Lake, who presided over Lay’s and Skilling’s four-month trial in Houston, agreed with Lay’s lawyers that his convictions should be erased because of his death. Lay’s lawyers cited a 2004 ruling by the Fifth U.S. Circuit Court of Appeals, which found a defendant’s death pending appeal extinguished the conviction because the accused had not had a full opportunity to challenge the conviction. The appeals court also ruled in 2004 that the government should not be allowed to punish a dead defendant or the estate of the defendant.
Lake’s ruling will prevent the government from seeking about $43 million from Lay’s estate, which it sought because prosecutors alleged Lay had enriched himself through illegal means by participating in Enron’s fraud. The government still could pursue Lay’s estate in civil court, but it would have to compete with other litigants that are also seeking a portion of the estate.
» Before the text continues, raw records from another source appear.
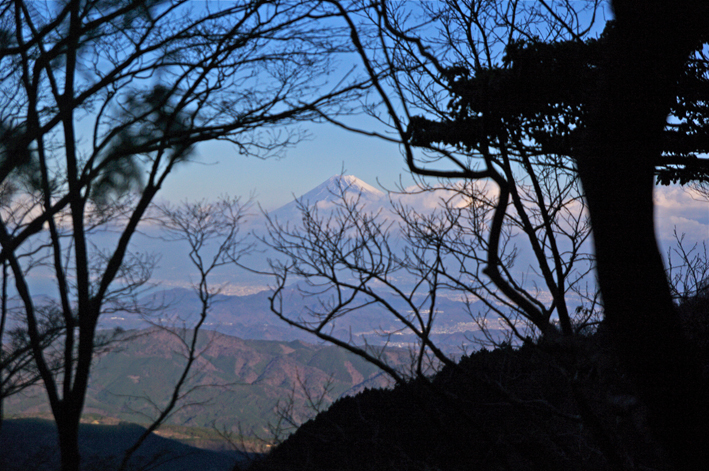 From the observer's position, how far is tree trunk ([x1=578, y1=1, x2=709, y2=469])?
150cm

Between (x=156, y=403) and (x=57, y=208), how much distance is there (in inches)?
121

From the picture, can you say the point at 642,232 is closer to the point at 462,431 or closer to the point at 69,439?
the point at 69,439

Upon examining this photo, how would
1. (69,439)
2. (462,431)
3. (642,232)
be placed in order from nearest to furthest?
(642,232)
(69,439)
(462,431)

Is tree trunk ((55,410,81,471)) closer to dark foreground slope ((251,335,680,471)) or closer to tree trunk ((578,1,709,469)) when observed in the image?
dark foreground slope ((251,335,680,471))

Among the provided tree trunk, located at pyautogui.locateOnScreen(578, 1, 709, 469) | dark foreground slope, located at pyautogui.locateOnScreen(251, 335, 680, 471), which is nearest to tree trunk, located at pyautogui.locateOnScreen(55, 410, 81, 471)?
dark foreground slope, located at pyautogui.locateOnScreen(251, 335, 680, 471)

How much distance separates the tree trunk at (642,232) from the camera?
1.50 meters

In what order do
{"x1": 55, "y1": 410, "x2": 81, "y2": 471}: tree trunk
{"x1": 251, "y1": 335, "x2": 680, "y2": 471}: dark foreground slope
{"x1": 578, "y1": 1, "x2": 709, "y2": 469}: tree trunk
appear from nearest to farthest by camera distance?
{"x1": 578, "y1": 1, "x2": 709, "y2": 469}: tree trunk, {"x1": 55, "y1": 410, "x2": 81, "y2": 471}: tree trunk, {"x1": 251, "y1": 335, "x2": 680, "y2": 471}: dark foreground slope

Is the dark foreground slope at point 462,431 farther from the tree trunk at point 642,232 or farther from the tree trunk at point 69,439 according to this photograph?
the tree trunk at point 642,232

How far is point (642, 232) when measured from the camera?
152 centimetres

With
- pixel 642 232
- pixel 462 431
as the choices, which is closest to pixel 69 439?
pixel 642 232

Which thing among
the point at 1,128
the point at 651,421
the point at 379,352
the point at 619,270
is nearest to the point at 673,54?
the point at 619,270

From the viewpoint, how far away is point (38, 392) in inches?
185

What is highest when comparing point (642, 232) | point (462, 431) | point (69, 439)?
point (642, 232)

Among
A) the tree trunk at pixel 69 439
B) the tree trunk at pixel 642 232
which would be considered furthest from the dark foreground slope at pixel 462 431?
the tree trunk at pixel 642 232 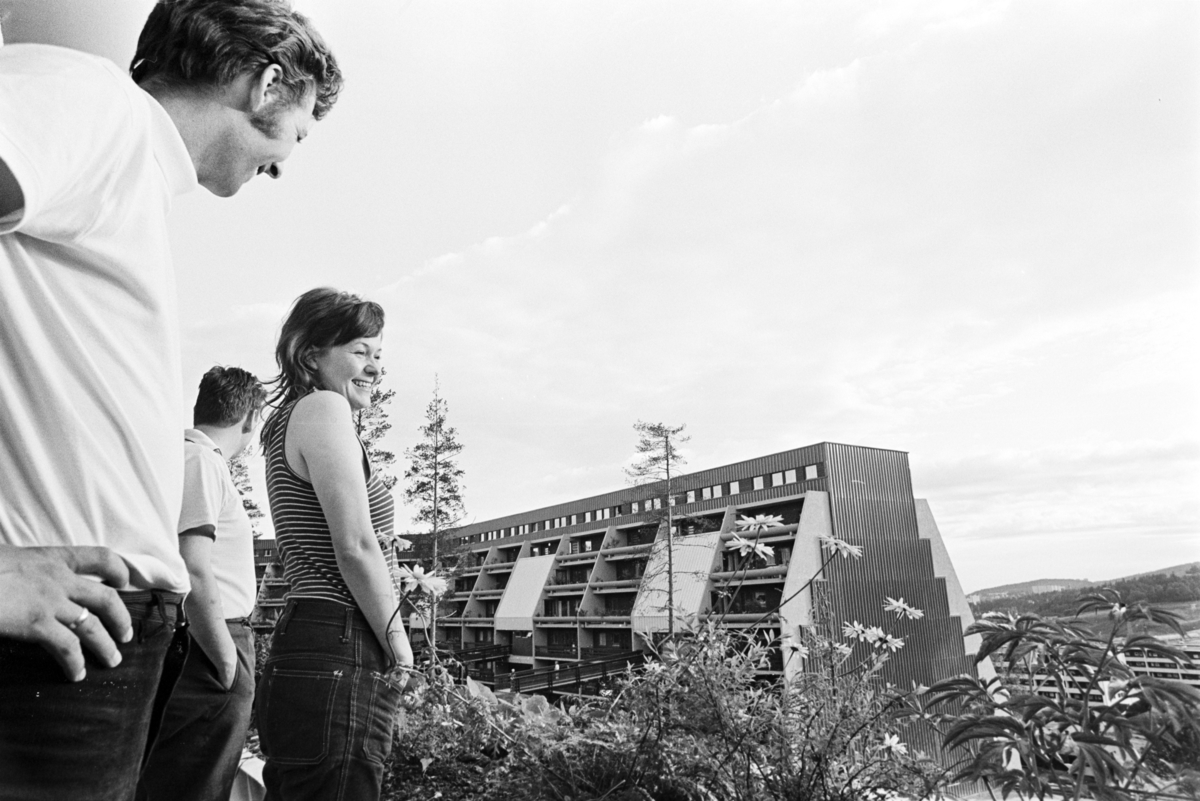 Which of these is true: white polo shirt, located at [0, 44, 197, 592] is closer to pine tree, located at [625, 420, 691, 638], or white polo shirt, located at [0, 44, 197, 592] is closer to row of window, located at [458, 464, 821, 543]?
pine tree, located at [625, 420, 691, 638]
Prosecutors also lost an attempt to have the ruling delayed. A delay was requested to allow Congress time to consider Justice Department legislation that would change current federal law regarding the abatement of criminal convictions.
In their motion, prosecutors said some of the provisions of the proposed legislation “would be directly relevant to the situation presented by defendant Lay’s death.” As an example, they said the legislation would provide “that the death of a defendant charged with a criminal offense shall not be the basis for abating or otherwise invalidating either a verdict returned or the underlying indictment.”